» **WHAT YOU ARE ASKED TO DO**: Retype every line from the start of the data down to and including the line with "للبيع برادو vxموديل". Skip the pictures.

» **Short web captions**:

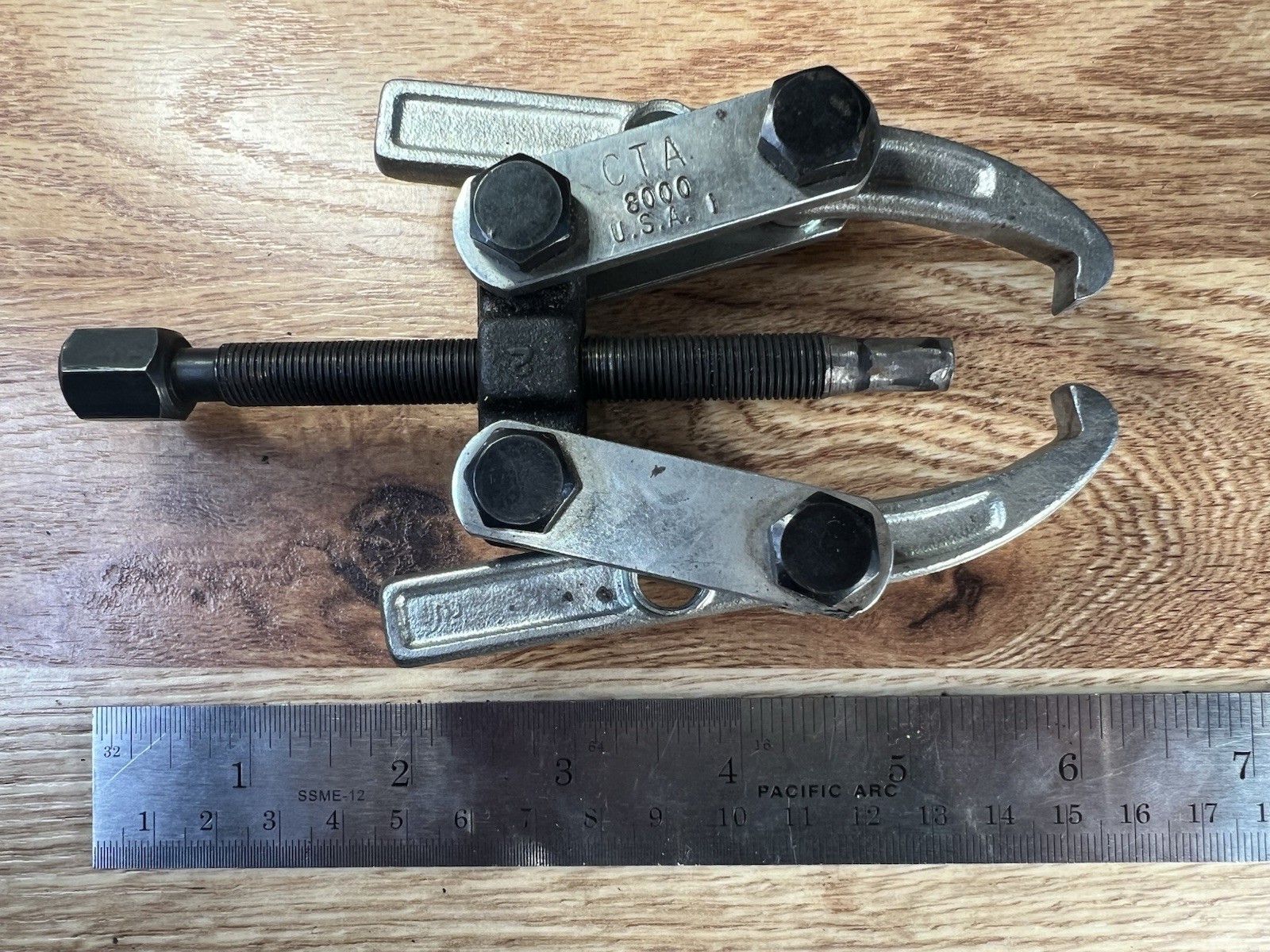 CTA 8000 2- JAW Reversible Adjustable Gear Puller 4” Super Clean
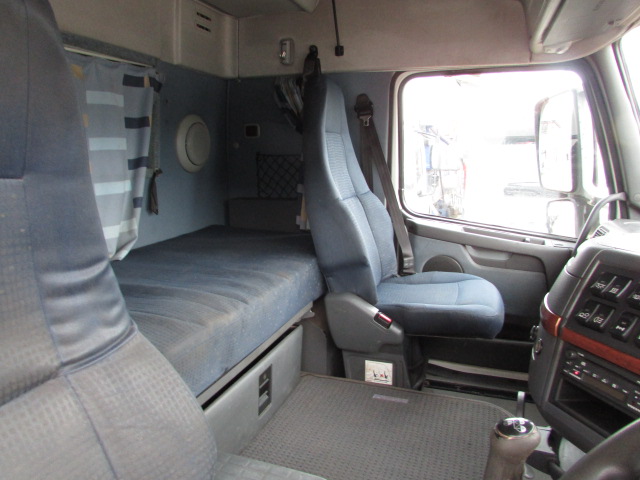 Vehicle Photo 19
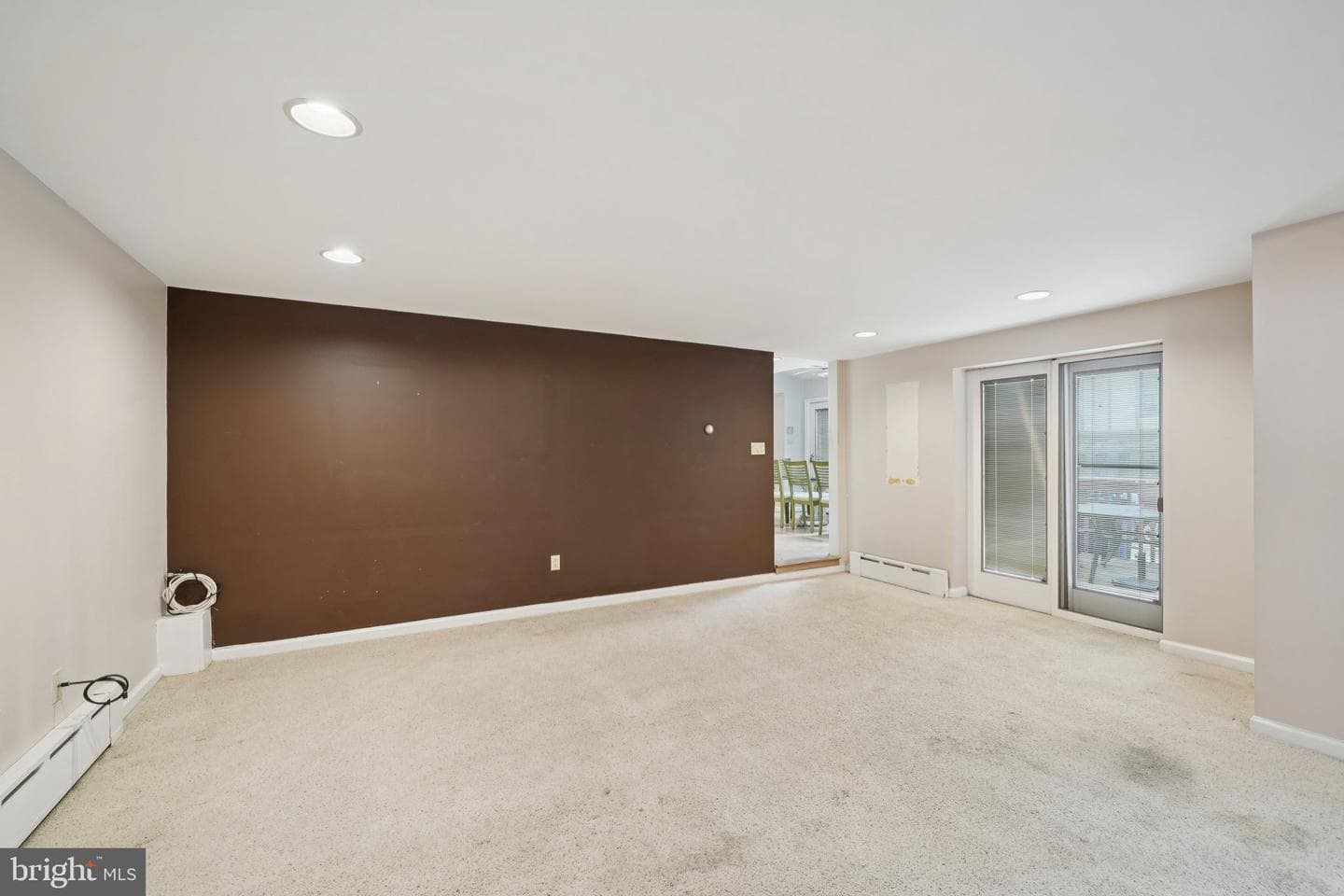 411 Lodges Lane photo 24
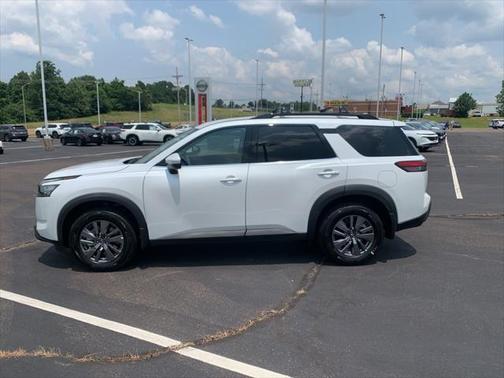 2025 Nissan Pathfinder SV FWD
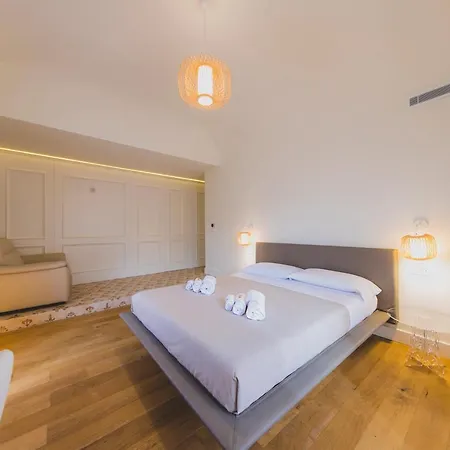 Design Oda ve Kahvaltı Cefalù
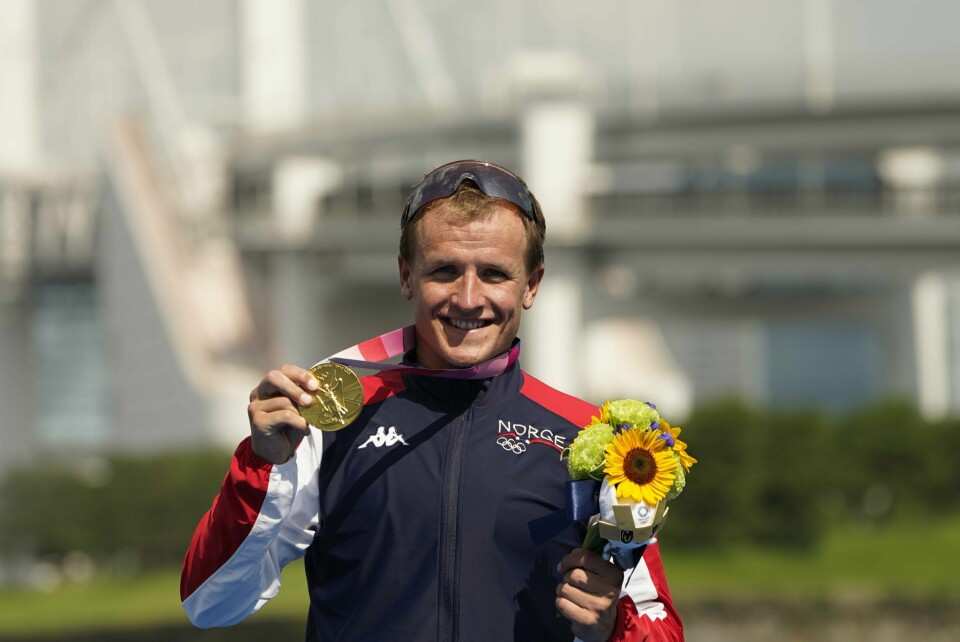 Kristian Blummenfelt med gullmedaljen i triatlon for menn i Odaiba Marine Park under OL i Tokyo 2021 mandag. Kristian Blummenfelt med OL-gull rundt halsen etter mandagens seier i triathlon. Foto: Lise Åserud / NTB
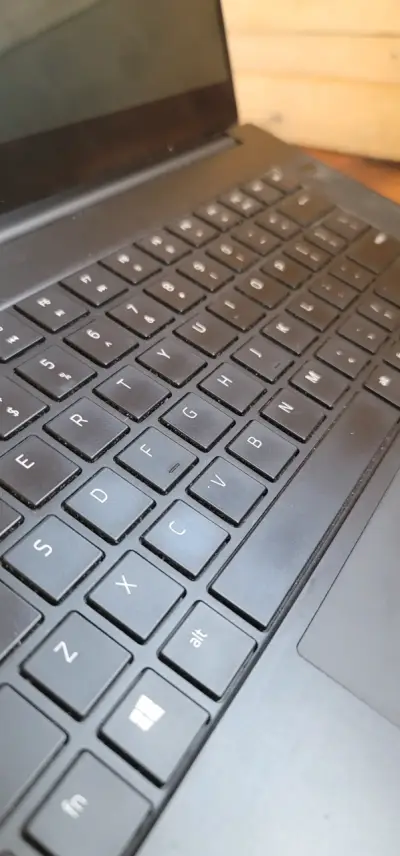 Notebook portátil negro usado - miniatura 2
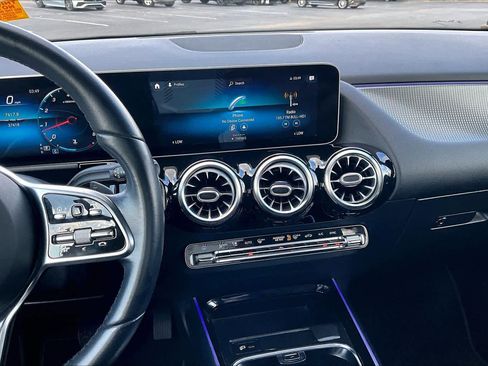 Used 2021 Mercedes-Benz GLA 250 image 8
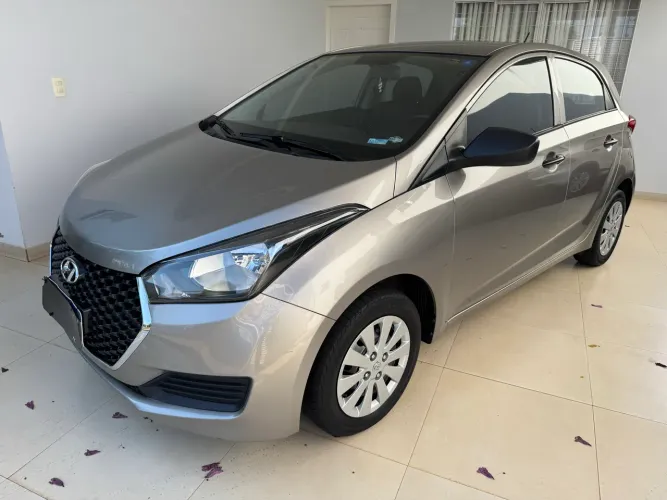 Hyundai HB20 Unique 1.0 Flex 12V Mec. 2019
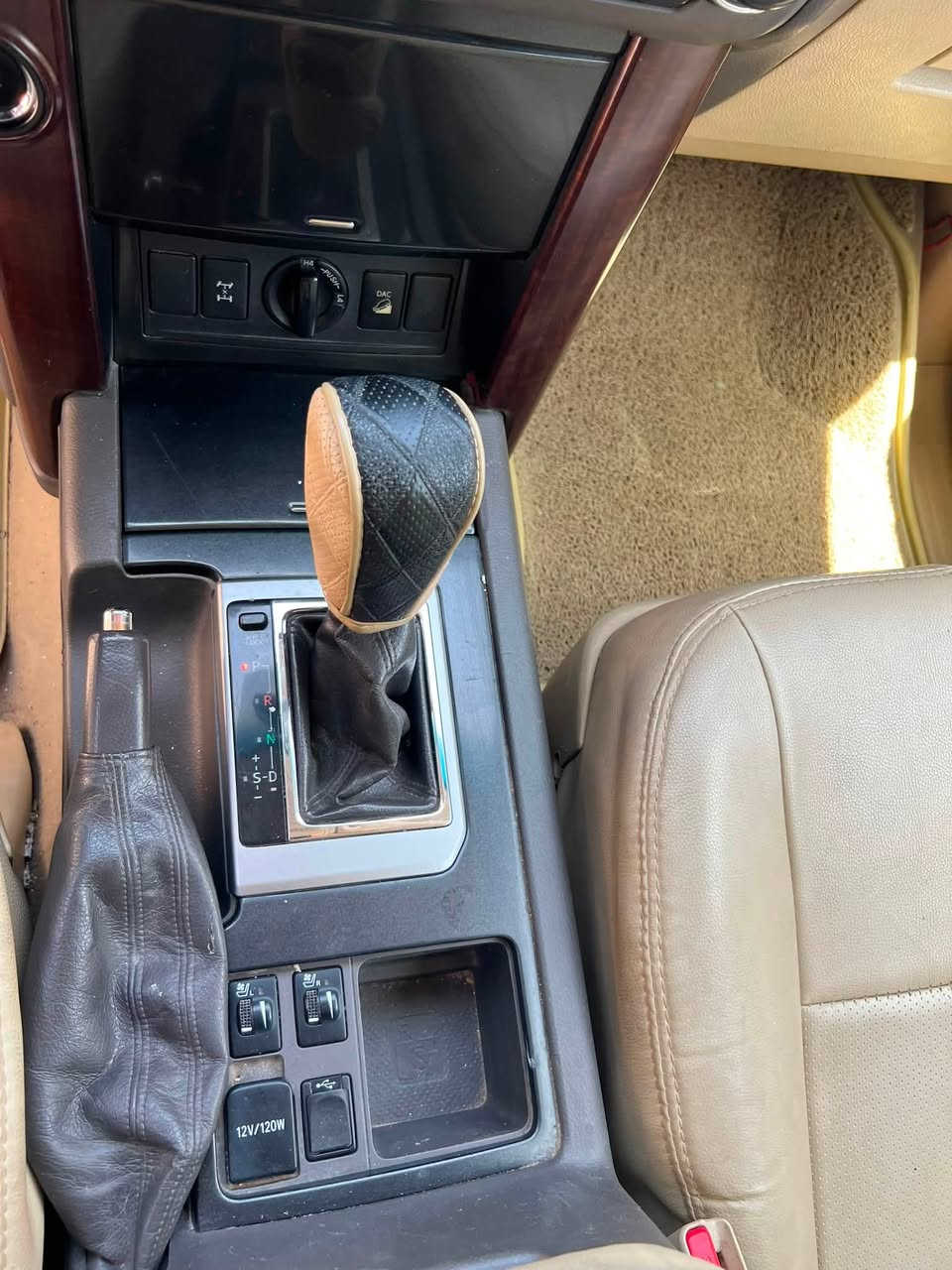 للبيع برادو vxموديل ٢٠١٤فول موصفات كفاله من الصبغ والتبديل ***********السعر  ٢٩٠ورقه رقم اربيل
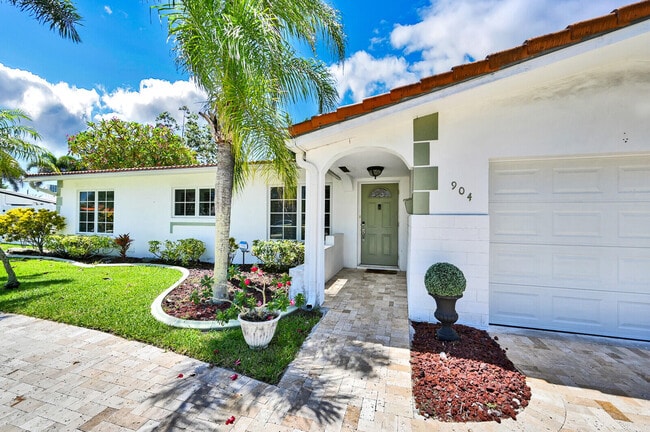 property at 904 SE 12th St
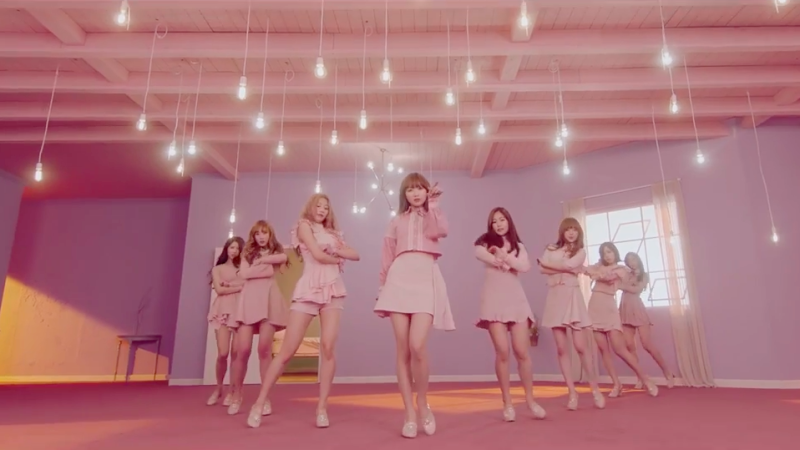 Lovelyz Menghipnotis Penggemar Lewat MV Koreografi “Destiny”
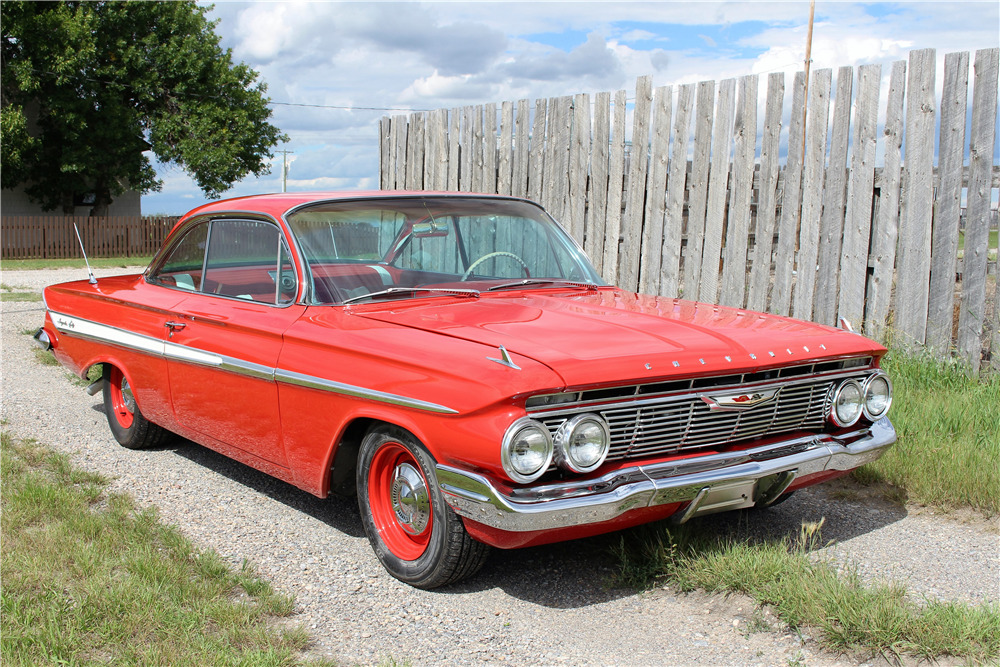 1961 CHEVROLET IMPALA - Front 3/4 - 198683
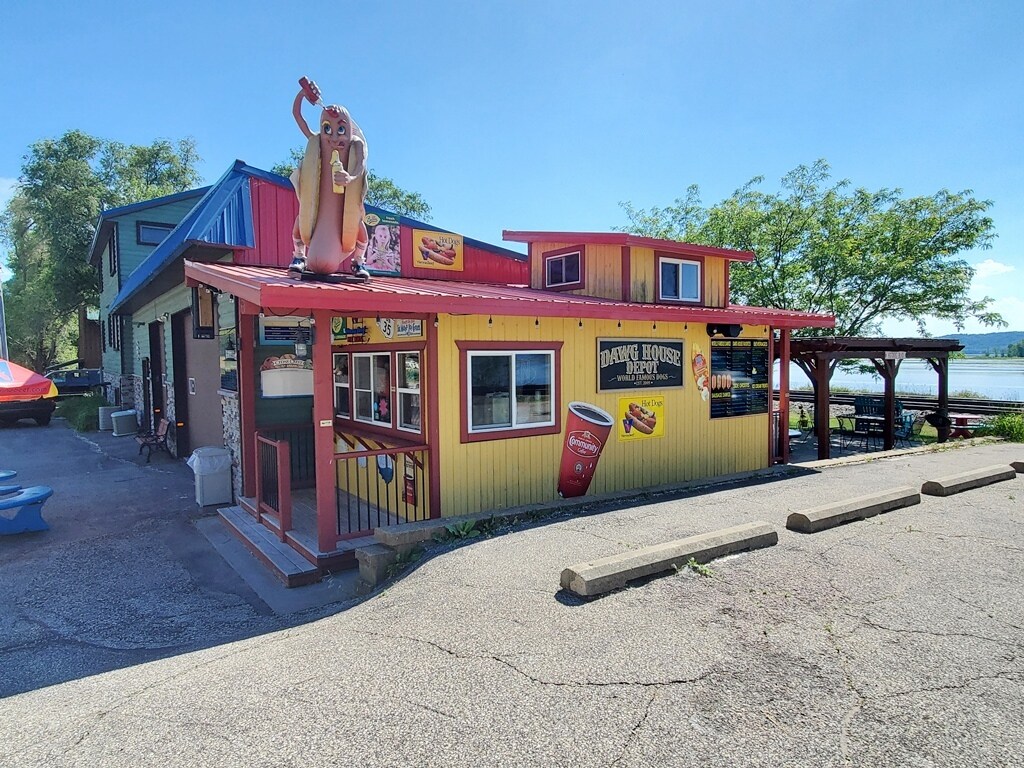 122 Main St, Lynxville, WI 54626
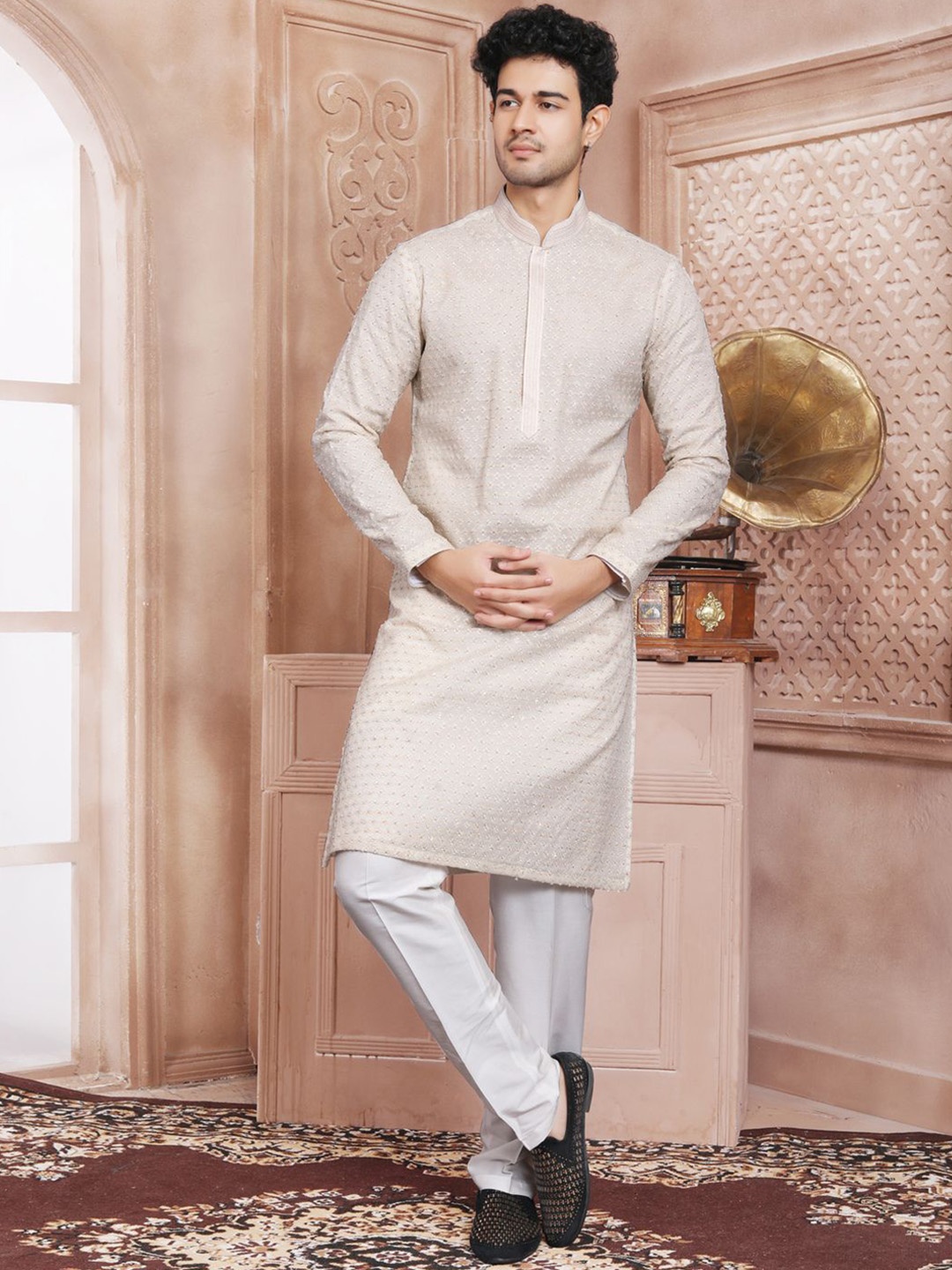 

EVASTRO Floral Embroidered Mandarin Collar Pure Cotton Straight Kurta With Trouser, Cream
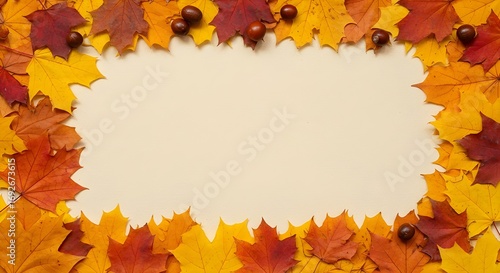Fondo de otoño, hojas de papel de árbol, telón de fondo amarillo,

» **SOLVED PROBLEM**:
 CTA 8000 2- JAW Reversible Adjustable Gear Puller 4” Super Clean
 Vehicle Photo 19
 411 Lodges Lane photo 24
 2025 Nissan Pathfinder SV FWD
 Design Oda ve Kahvaltı Cefalù
 Kristian Blummenfelt med gullmedaljen i triatlon for menn i Odaiba Marine Park under OL i Tokyo 2021 mandag. Kristian Blummenfelt med OL-gull rundt halsen etter mandagens seier i triathlon. Foto: Lise Åserud / NTB
 Notebook portátil negro usado - miniatura 2
 Used 2021 Mercedes-Benz GLA 250 image 8
 Hyundai HB20 Unique 1.0 Flex 12V Mec. 2019
 للبيع برادو vxموديل ٢٠١٤فول موصفات كفاله من الصبغ والتبديل ***********السعر  ٢٩٠ورقه رقم اربيل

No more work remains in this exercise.